Work order: In the material below, the lines between the one holding "香炒文蛤的做法步骤：3" and the one holding "Майли Сайрус выступает", inclusive, are to be set down word for word. Pictures stay out.

Given records:
########################################

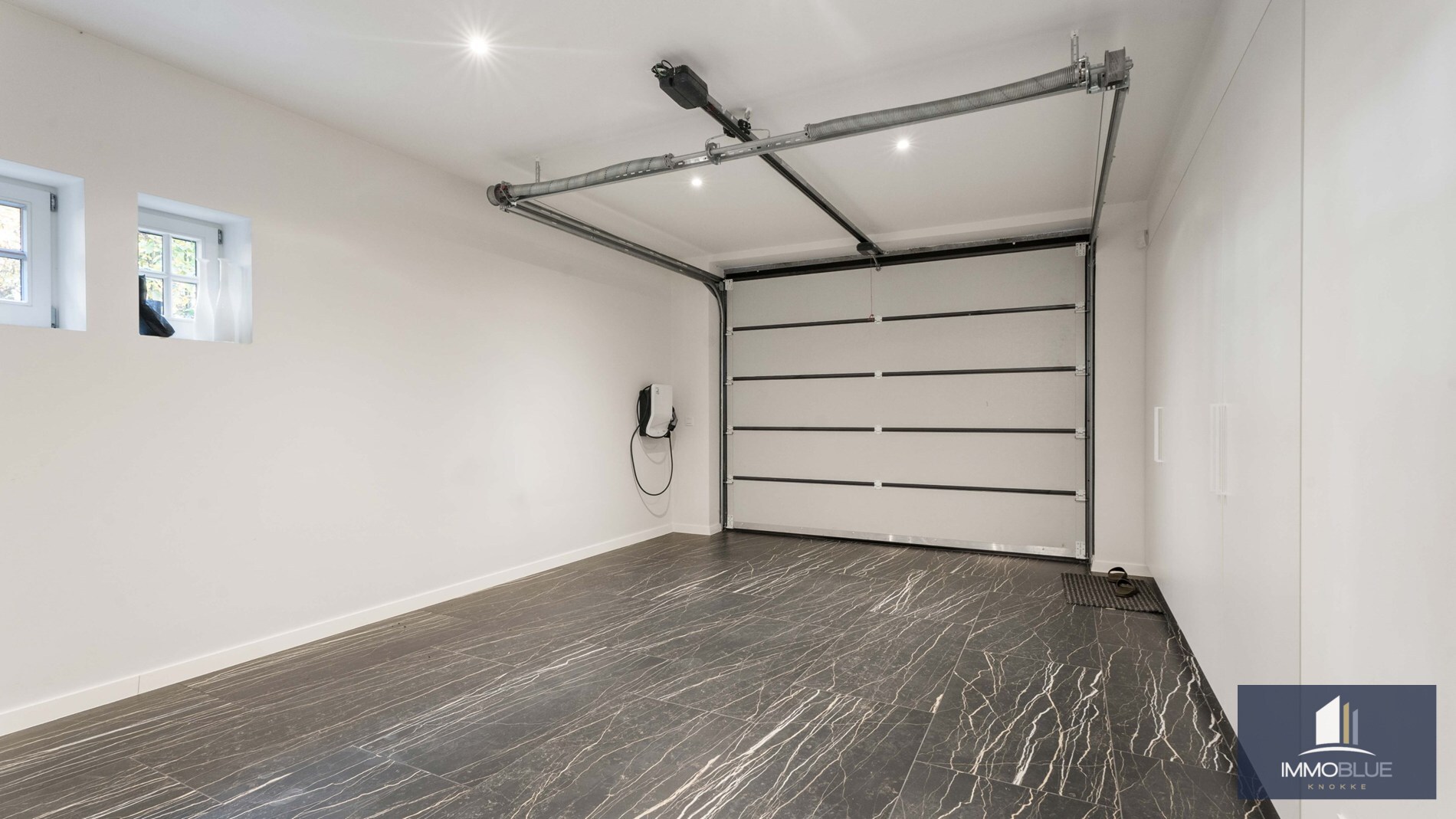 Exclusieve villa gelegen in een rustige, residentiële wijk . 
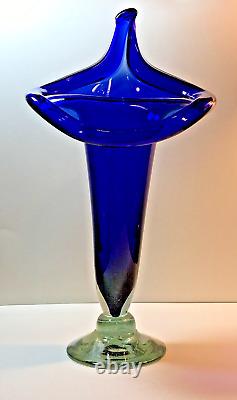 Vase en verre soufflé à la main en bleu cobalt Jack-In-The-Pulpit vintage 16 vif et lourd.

########################################

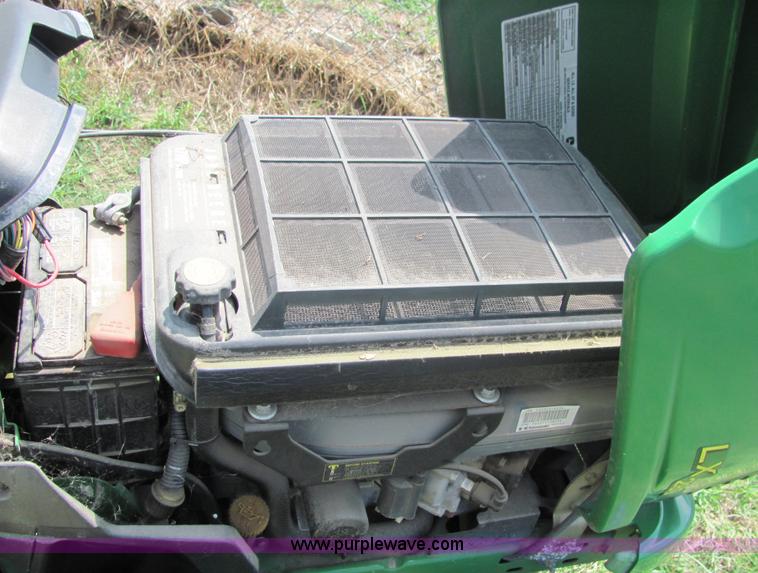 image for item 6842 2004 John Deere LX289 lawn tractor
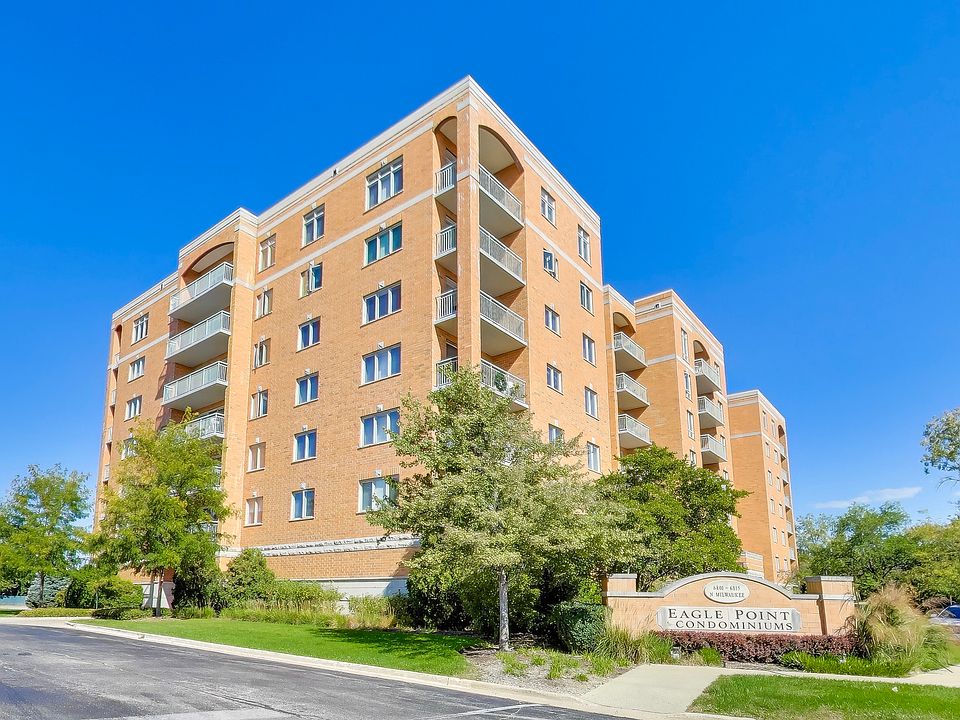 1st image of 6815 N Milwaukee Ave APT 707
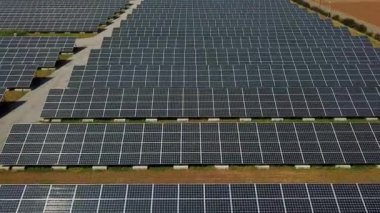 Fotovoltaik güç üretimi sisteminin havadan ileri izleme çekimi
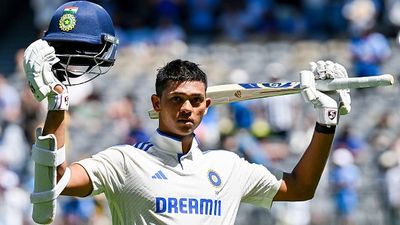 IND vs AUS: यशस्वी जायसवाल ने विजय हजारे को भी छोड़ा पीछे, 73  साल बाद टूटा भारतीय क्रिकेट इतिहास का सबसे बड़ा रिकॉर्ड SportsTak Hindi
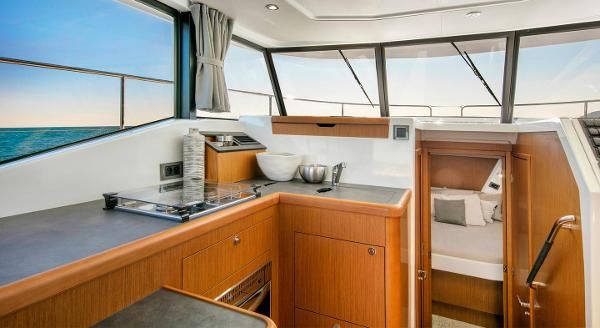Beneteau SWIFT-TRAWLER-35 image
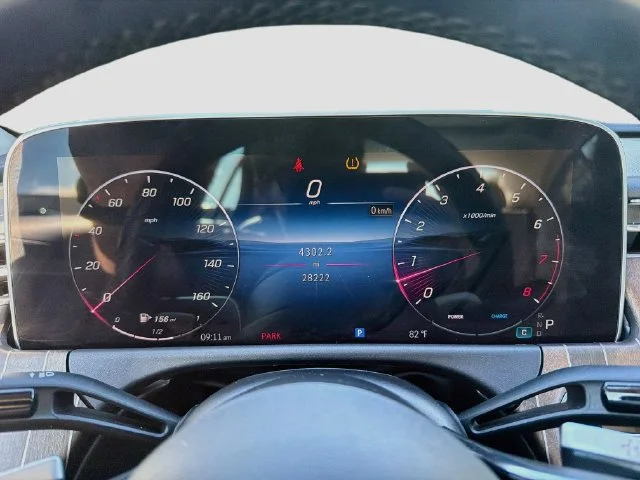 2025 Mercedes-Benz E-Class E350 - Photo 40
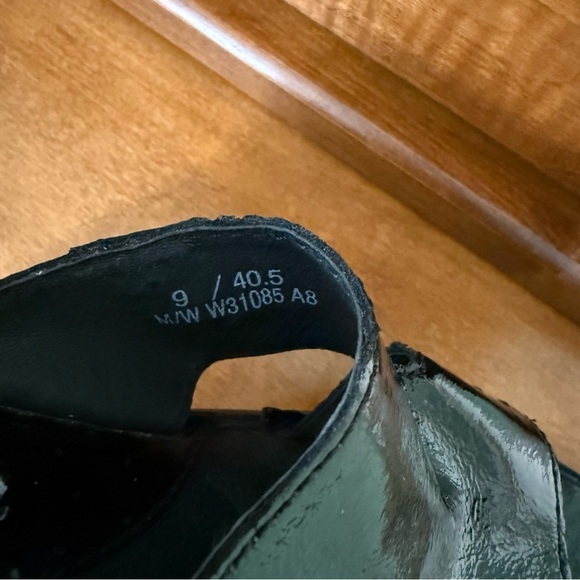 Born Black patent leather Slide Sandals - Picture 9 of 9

########################################

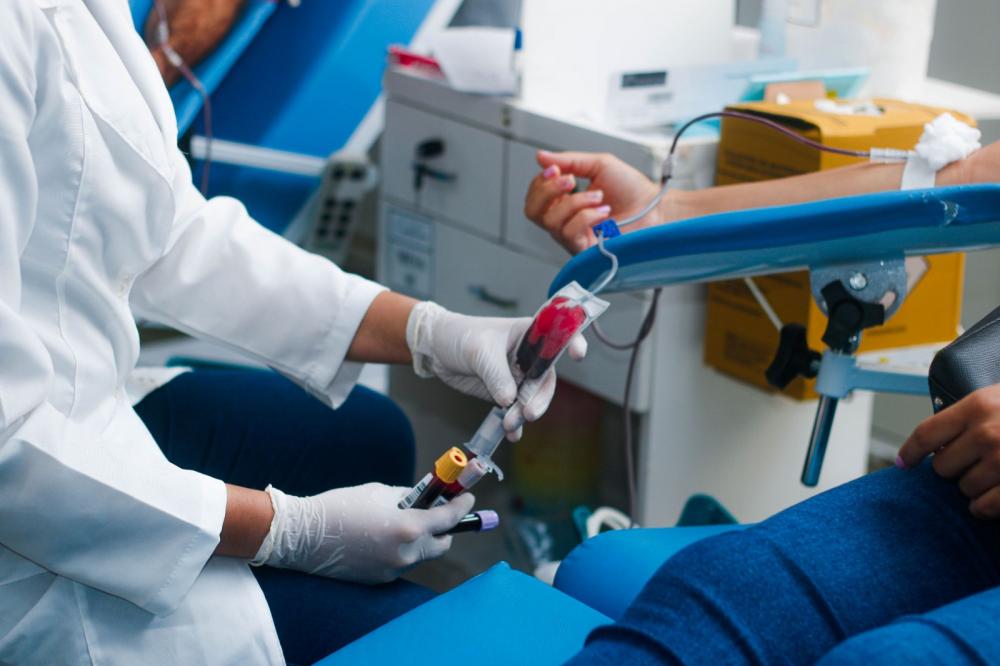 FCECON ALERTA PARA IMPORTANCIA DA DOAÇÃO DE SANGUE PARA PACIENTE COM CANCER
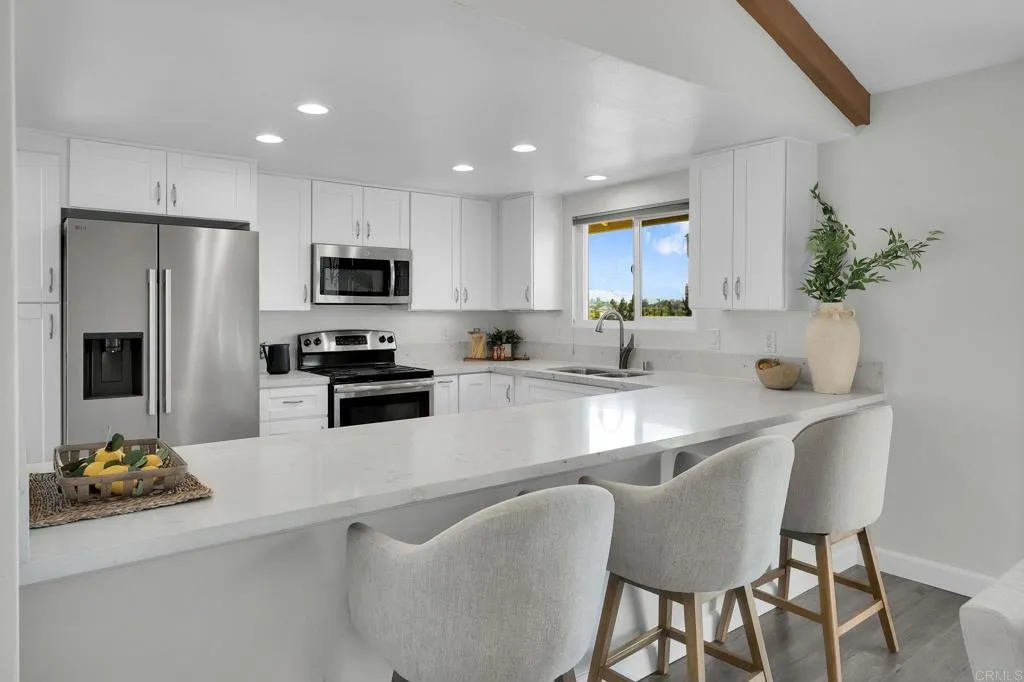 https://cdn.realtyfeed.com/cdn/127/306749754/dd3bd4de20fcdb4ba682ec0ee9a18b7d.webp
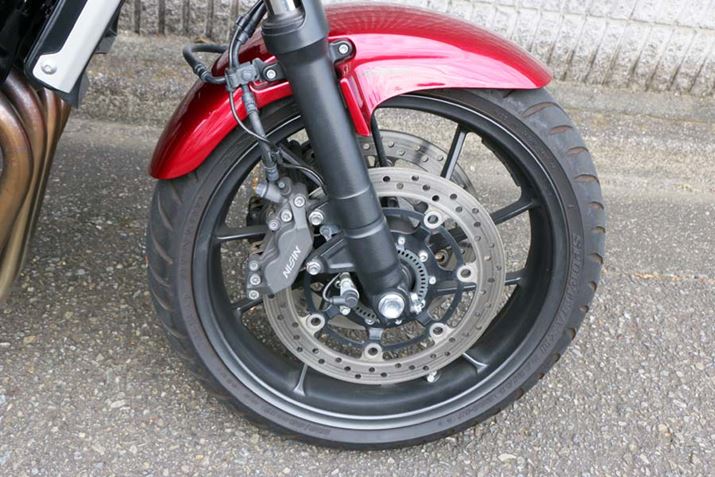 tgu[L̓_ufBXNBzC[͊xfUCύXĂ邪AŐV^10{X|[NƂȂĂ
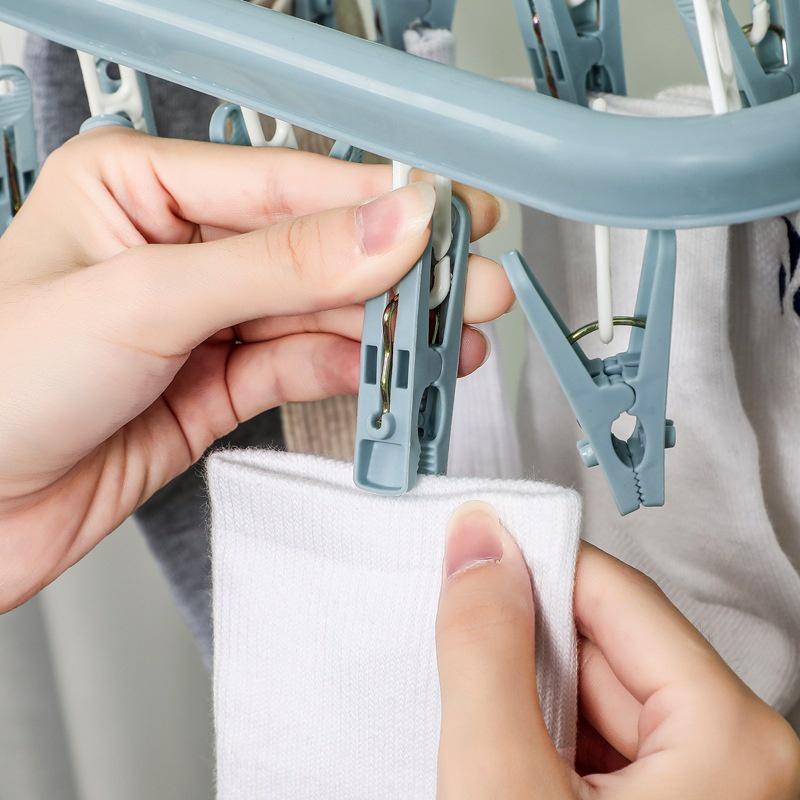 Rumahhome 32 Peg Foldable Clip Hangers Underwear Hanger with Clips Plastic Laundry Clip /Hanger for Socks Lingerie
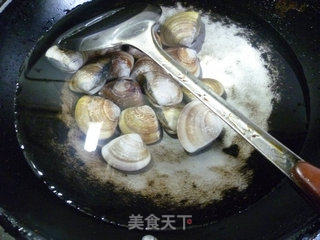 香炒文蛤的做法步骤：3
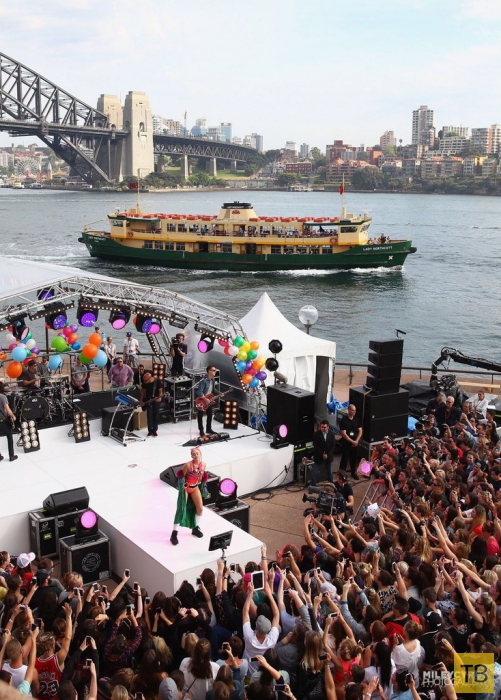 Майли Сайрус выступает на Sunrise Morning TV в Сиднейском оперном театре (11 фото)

########################################

Answer:
 香炒文蛤的做法步骤：3
 Майли Сайрус выступает на Sunrise Morning TV в Сиднейском оперном театре (11 фото)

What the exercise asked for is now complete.